Those disclosures, made during an 11 a.m. conference call with investors, helped erase an 8.5-percent surge the company's stock had enjoyed after the company announced better-than-expected profits earlier Thursday. Instead, ITT's shares plunged, and closed the day at $22.69 each, a drop of 9.6 percent.

Carmel-based ITT is the latest operator of for-profit colleges to report large decreases in student enrollment. The declines sent ITT's profits plunging in the third quarter by 36 percent—although not as much as Wall Street analysts were expecting.

Last week, industry bellwether, Arizona-based Apollo Group Inc., said it plans to cut 800 jobs and close 115 campuses after student enrollment fell 14 percent in its most recent quarter.

ITT has no plans to eliminate campuses but would leave the option on the table, said its Chief Financial Officer Daniel Fitzpatrick, after the company's total enrollment fell by 17 percent in the most recent quarter.

"We will not hesitate to adjust the number of our campuses should it be operationally and financially appropriate to do so," Fitzpatrick told investors and analysts during a conference call Thursday morning.

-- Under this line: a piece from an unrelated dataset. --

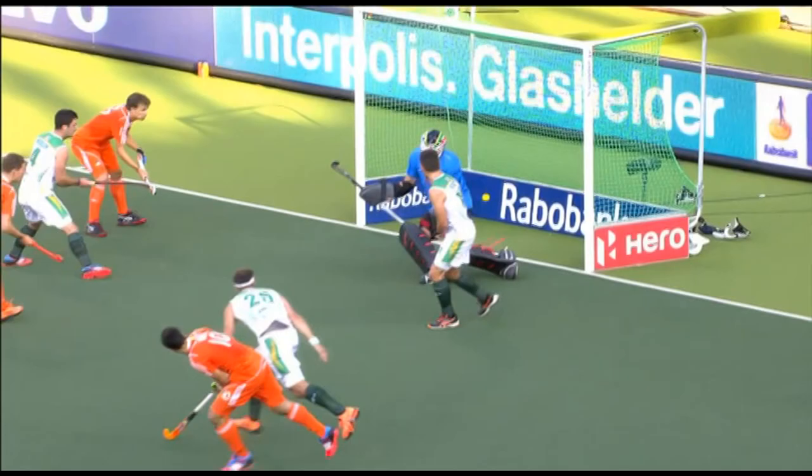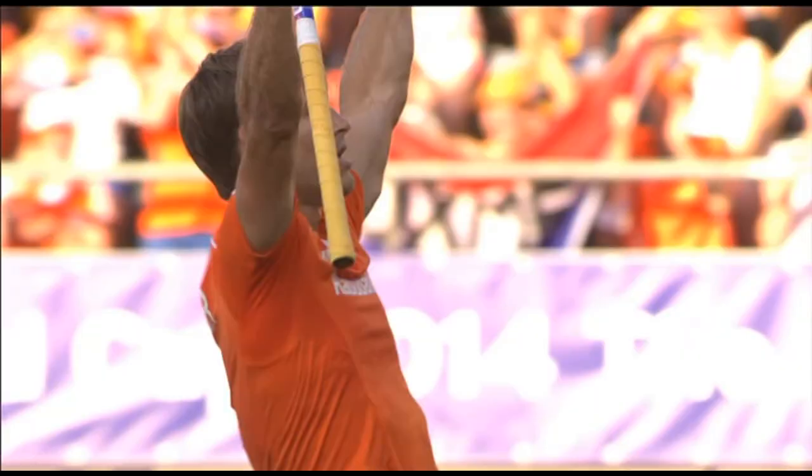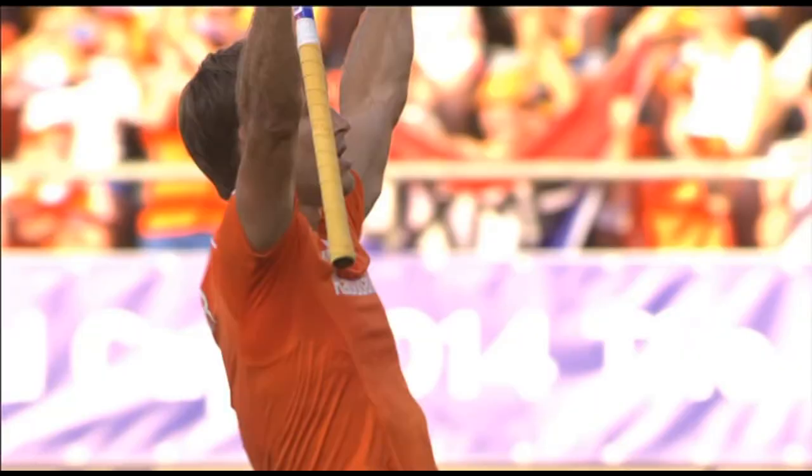Hertzberger's there though, and he'll take this from the head of the tee and scores. Jerome Hertzberger — his third at the tournament. It's now South Africa nil, Netherlands three.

ITT officials said inquiries at its schools have remained steady, but its rate of converting inquiries into enrollments has slipped. In response, ITT is testing a new communications program that provides an estimate of the number of grants and scholarships for which students would qualify—during their very first visit to an ITT campus. Also, ITT plans to spend more of its own money to fund scholarships for students, said CEO Kevin Modany.

The average cost of an ITT associate's degree program is $45,000, yet scholarships and grants reduce that cost on average to $27,000.

"We are trying to communicate to students that value proposition more clearly," Modany said during the ITT conference call.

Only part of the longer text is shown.